## Material provided
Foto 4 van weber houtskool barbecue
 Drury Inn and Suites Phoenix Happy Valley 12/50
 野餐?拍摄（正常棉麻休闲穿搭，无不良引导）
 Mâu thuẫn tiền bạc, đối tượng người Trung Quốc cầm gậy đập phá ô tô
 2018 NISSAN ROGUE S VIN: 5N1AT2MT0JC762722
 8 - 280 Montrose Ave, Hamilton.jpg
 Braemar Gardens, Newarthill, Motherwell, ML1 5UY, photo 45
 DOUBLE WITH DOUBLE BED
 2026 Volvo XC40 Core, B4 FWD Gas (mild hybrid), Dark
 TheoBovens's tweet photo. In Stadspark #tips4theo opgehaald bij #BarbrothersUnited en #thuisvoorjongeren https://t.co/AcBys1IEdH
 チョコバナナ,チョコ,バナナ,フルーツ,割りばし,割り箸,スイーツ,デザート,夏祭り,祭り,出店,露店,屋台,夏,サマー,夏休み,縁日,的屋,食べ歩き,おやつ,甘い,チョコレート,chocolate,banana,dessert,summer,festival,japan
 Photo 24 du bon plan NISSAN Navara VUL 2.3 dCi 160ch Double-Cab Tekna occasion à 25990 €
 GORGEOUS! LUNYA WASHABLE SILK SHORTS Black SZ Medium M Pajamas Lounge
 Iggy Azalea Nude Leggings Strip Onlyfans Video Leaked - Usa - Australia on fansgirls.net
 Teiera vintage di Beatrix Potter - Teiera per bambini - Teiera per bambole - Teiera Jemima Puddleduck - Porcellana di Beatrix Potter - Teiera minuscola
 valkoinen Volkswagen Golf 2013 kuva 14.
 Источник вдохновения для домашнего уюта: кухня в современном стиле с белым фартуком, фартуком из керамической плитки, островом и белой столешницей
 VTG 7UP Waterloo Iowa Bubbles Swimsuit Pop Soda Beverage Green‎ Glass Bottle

## What you are asked to do
Reproduce every line in the records above that contains the word "NISSAN".

## Solved exercise
 2018 NISSAN ROGUE S VIN: 5N1AT2MT0JC762722
 Photo 24 du bon plan NISSAN Navara VUL 2.3 dCi 160ch Double-Cab Tekna occasion à 25990 €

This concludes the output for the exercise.